Records for the task below:

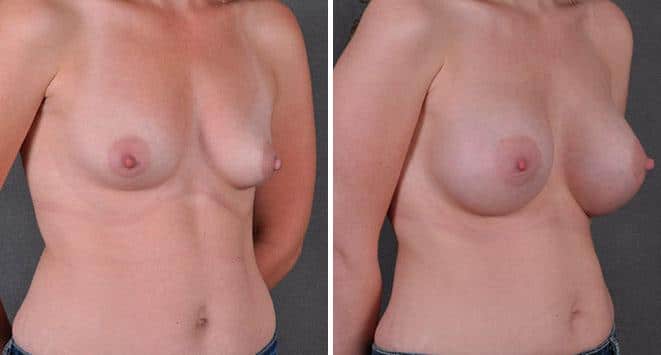 Breast Augmentation Before and After Photos in Omaha, NE, Case 7902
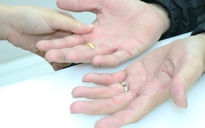 Phòng dịch Covid-19: Rửa tay diệt khuẩn, làm sao để không bị khô da tay?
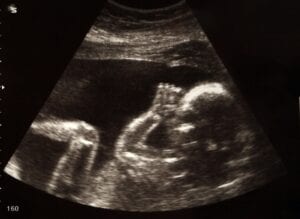Press på gravida att göra abort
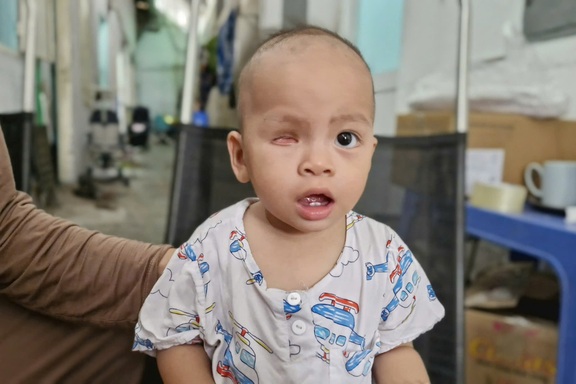 Mẹ nghèo cầu xin cứu con mắt còn lại của bé trai 2 tuổi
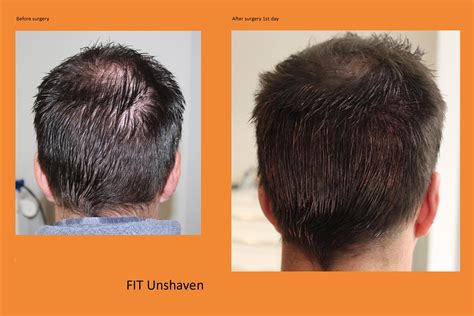 Hair Transplant Without Shaving Head U FUE Classic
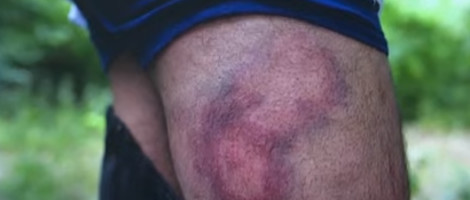 Vijeće Evrope poziva Hrvatsku da zaustavi nasilje nad migrantima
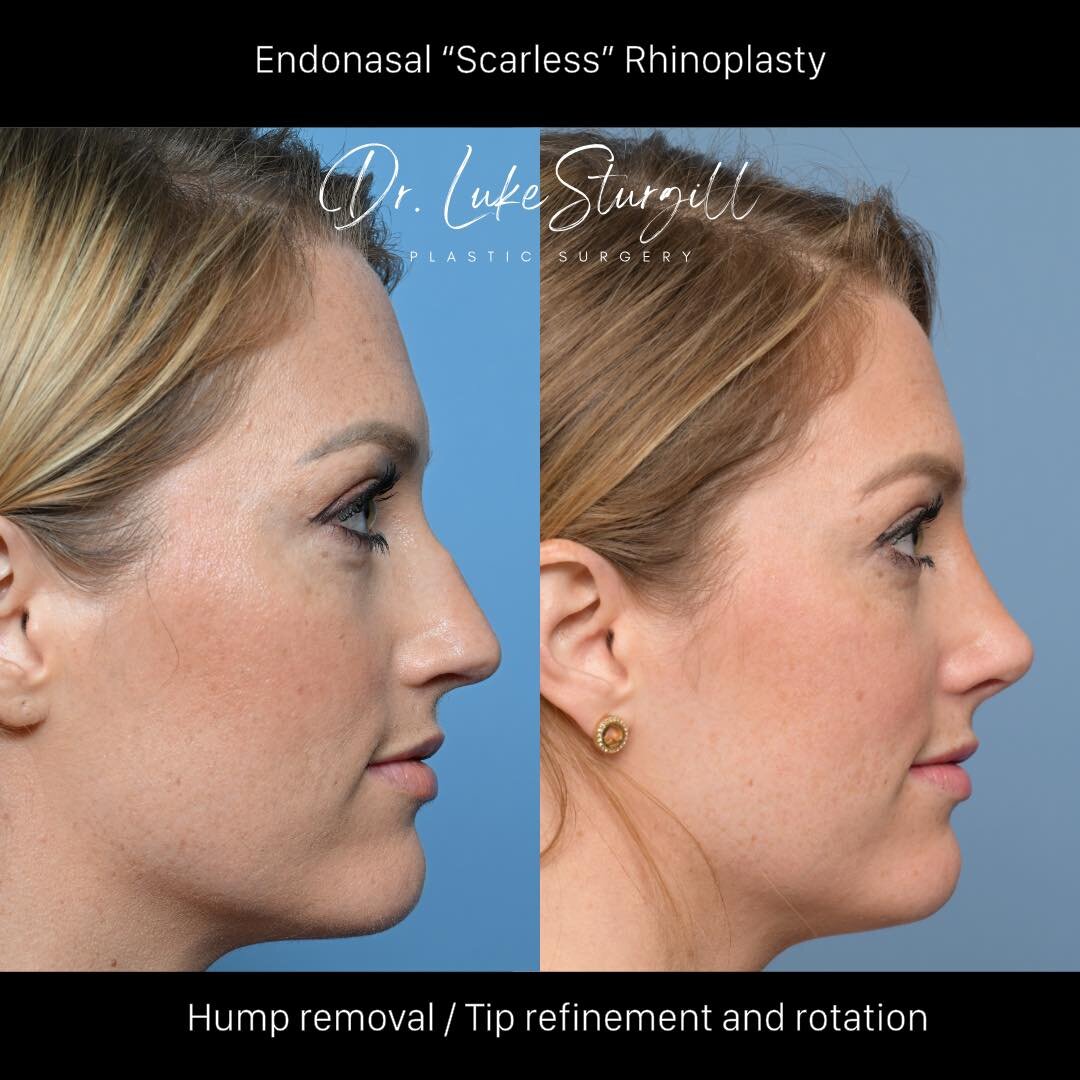 Rapid recovery, remarkable results - My Closed &ldquo;Scarless&rdquo; Rhinoplasty Technique 

Many patients ask, &quot;What will my nose look like one month after surgery?&quot; The photo above showcases my lovely patient who underwent my Closed &quo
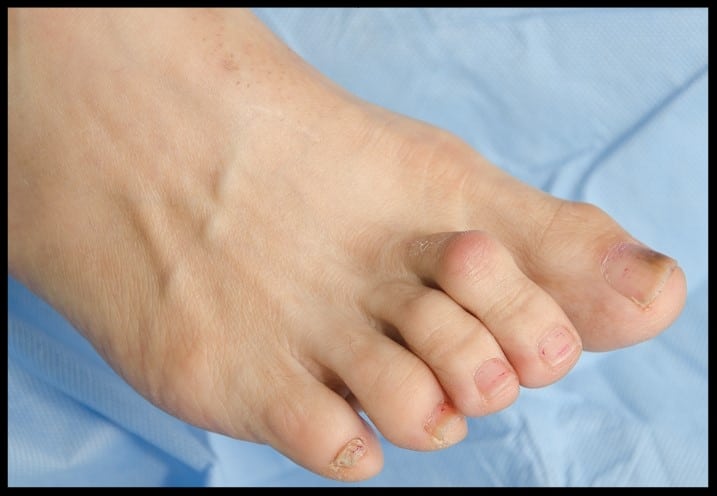 Mallet Toe Vs Hammer Toe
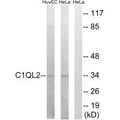 Western blot analysis of extracts from HUVEC cells and HeLa cells, using C1QL2 antibody.
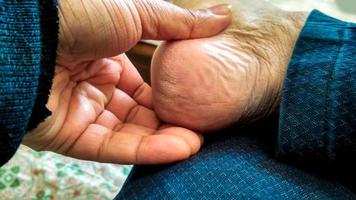 A man shows dry dirty Cracked heels photo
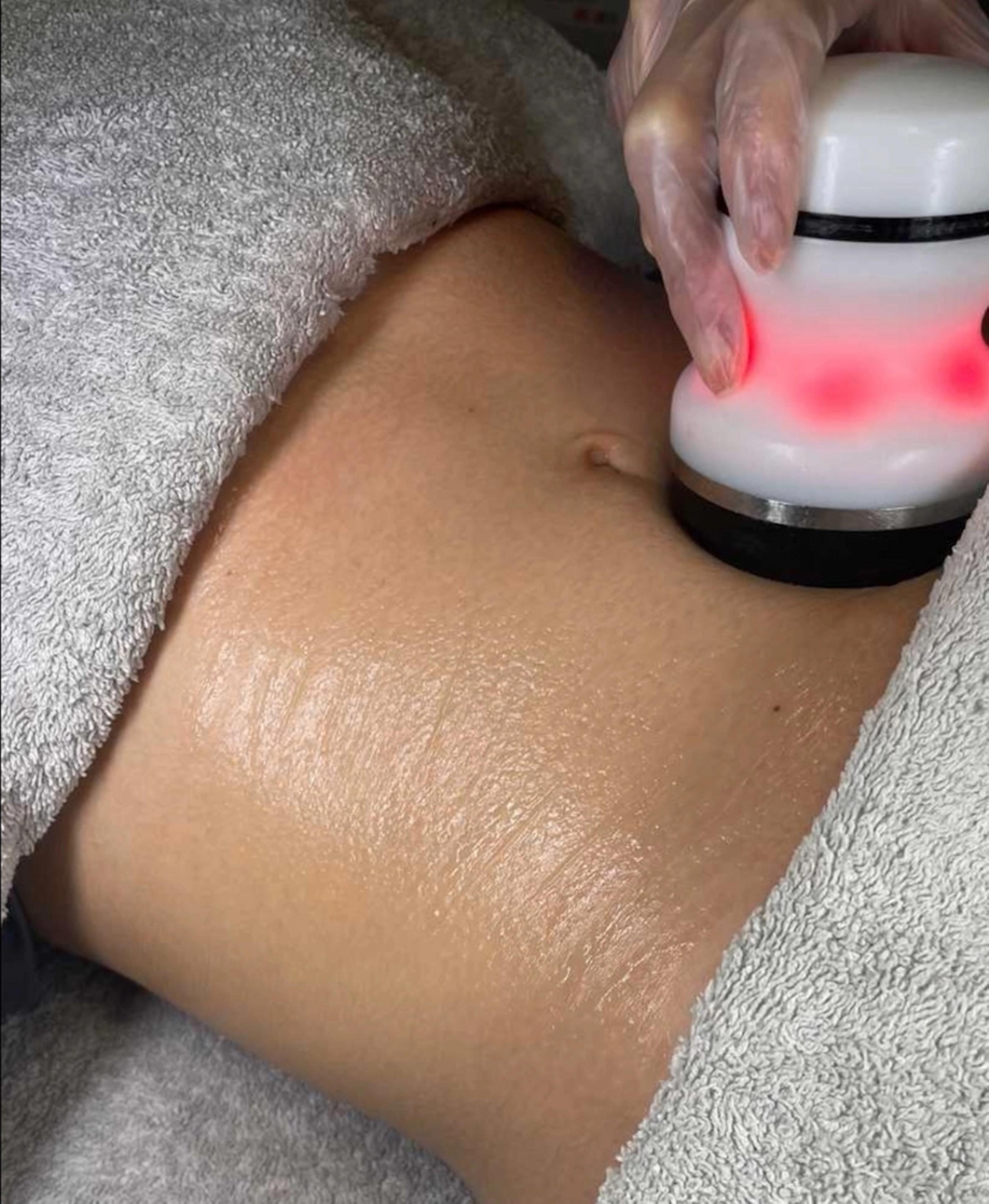 Body sculpting: Radiofrequency | Fat cavitation | Electroestimulation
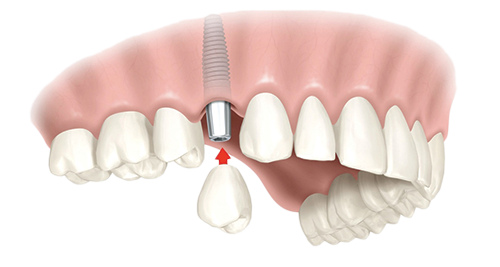 Single Dental Implants Chicago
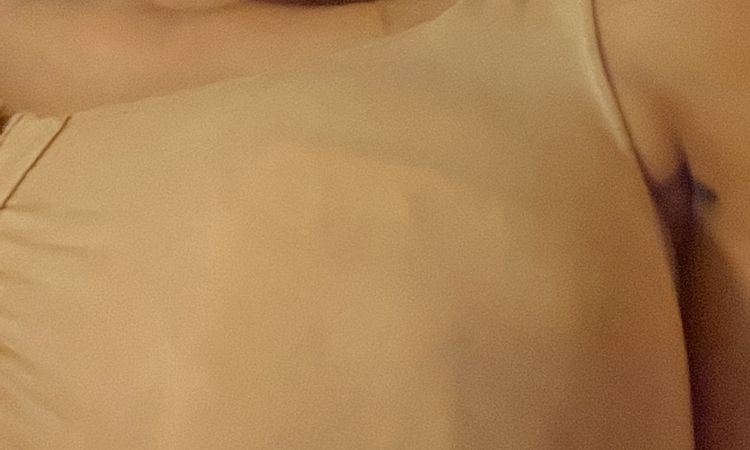 Mis pechos aún dan leche y me hice un aumento mamario - 51442
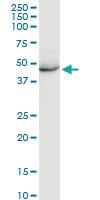 Anti-CK35 Rabbit Polyclonal Antibody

End of Records for the task.

**Assignment:** Leaving the pictures aside, transcribe exactly the lines from the one containing "Body sculpting: Radiofrequency" to the final line of the entries above, both ends included.

**Answer box:**
 Body sculpting: Radiofrequency | Fat cavitation | Electroestimulation
 Single Dental Implants Chicago
 Mis pechos aún dan leche y me hice un aumento mamario - 51442
 Anti-CK35 Rabbit Polyclonal Antibody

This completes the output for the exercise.